TASK OBJECTIVE
Working from the records below, return word for word the line that contains "- Séquence, vidéo" and each line after it, ending with the last. Skip all pictures.

EXTRACTED INFORMATION
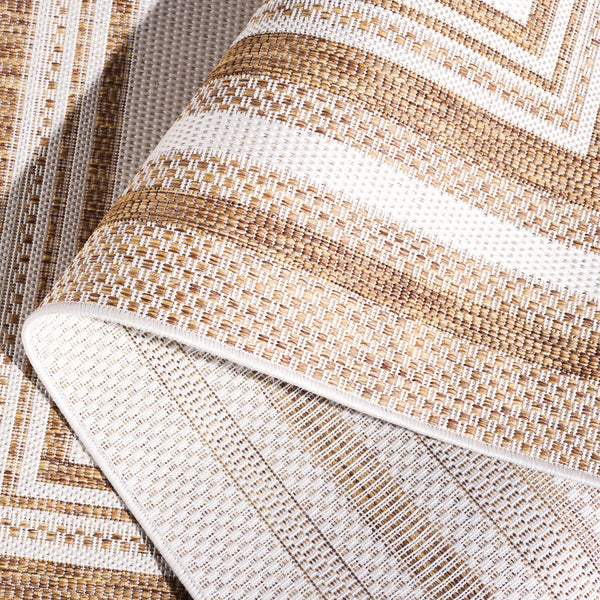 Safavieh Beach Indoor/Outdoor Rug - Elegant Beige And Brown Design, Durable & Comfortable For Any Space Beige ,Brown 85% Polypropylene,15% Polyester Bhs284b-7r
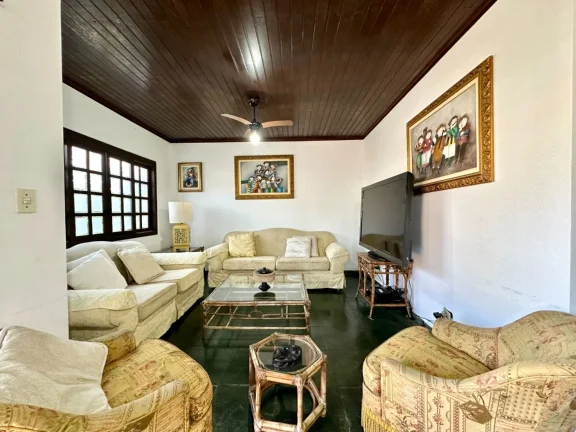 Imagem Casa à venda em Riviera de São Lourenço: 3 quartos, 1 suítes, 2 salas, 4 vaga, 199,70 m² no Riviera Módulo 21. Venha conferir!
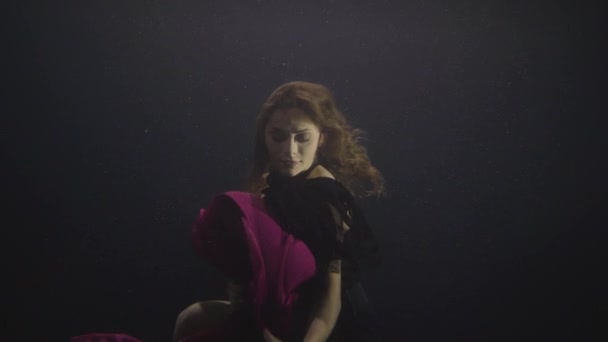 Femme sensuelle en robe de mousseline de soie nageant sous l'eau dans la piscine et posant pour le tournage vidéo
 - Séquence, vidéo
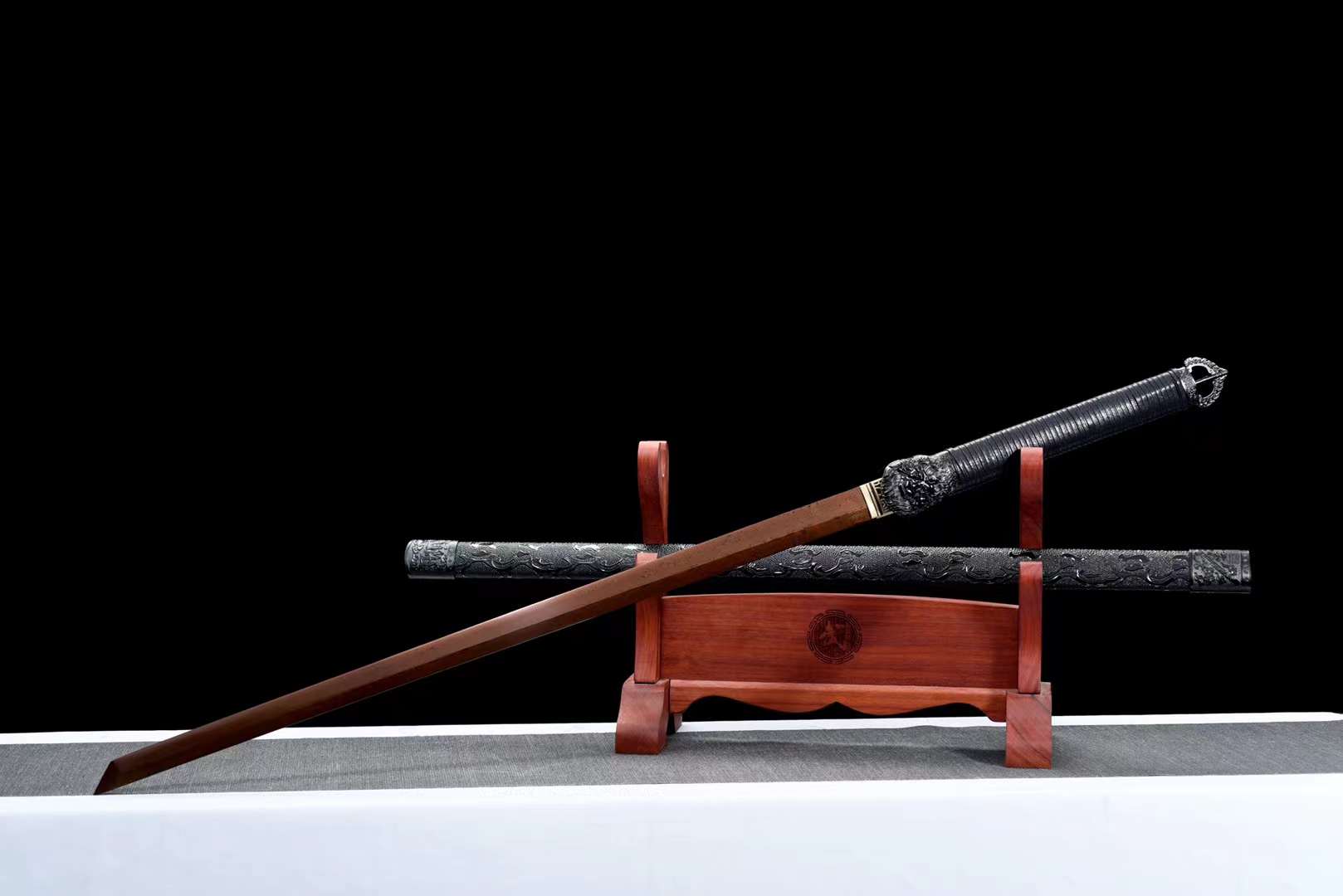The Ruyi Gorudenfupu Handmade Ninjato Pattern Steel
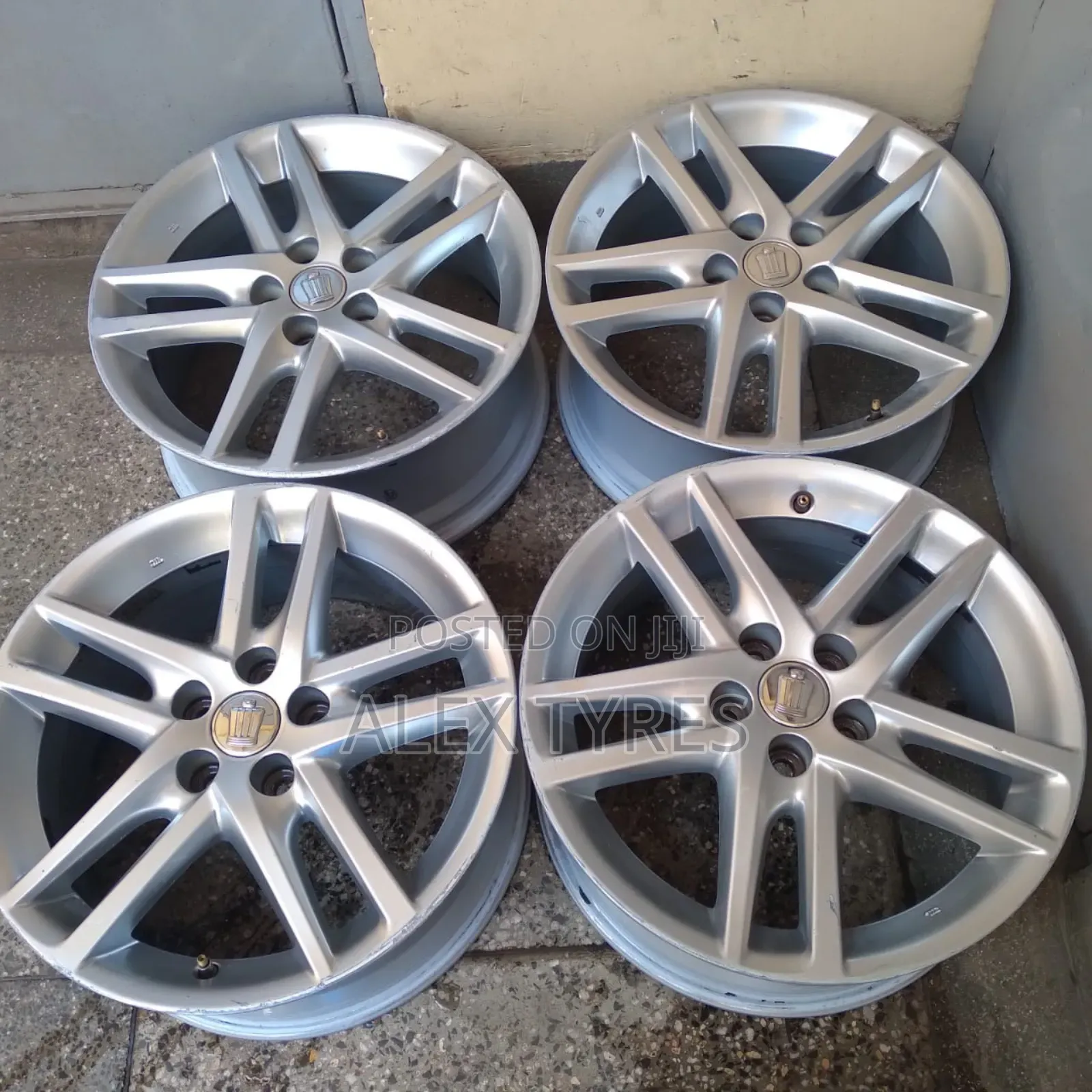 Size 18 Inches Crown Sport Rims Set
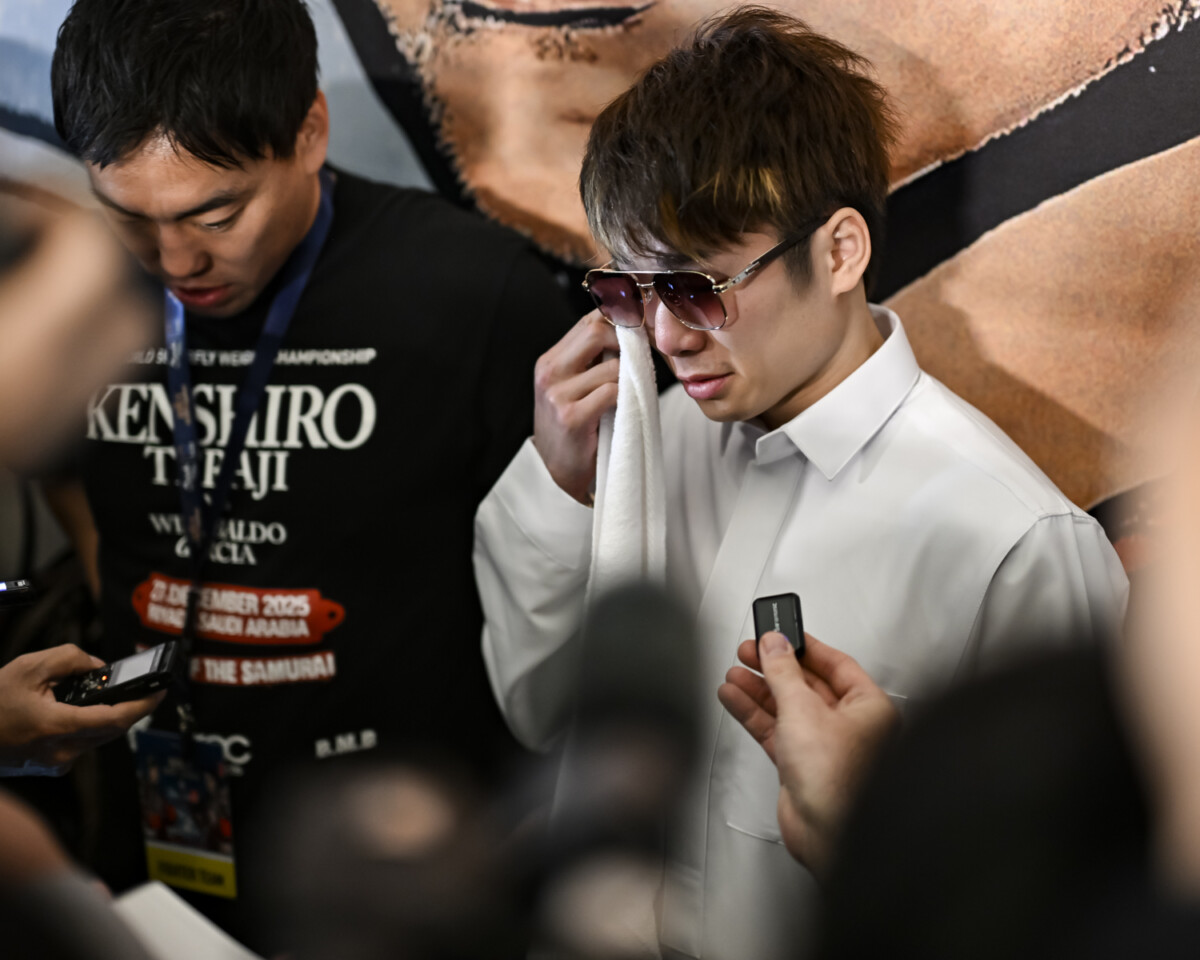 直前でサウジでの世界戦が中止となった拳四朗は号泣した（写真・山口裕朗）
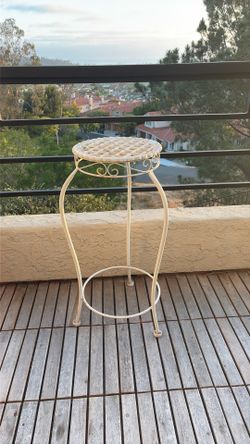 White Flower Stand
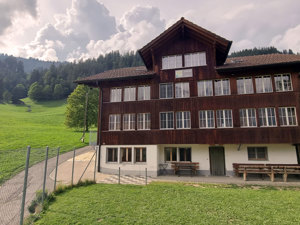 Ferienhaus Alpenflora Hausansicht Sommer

RESPONSE BELOW
 - Séquence, vidéo
The Ruyi Gorudenfupu Handmade Ninjato Pattern Steel
 Size 18 Inches Crown Sport Rims Set
 直前でサウジでの世界戦が中止となった拳四朗は号泣した（写真・山口裕朗）
 White Flower Stand
 Ferienhaus Alpenflora Hausansicht Sommer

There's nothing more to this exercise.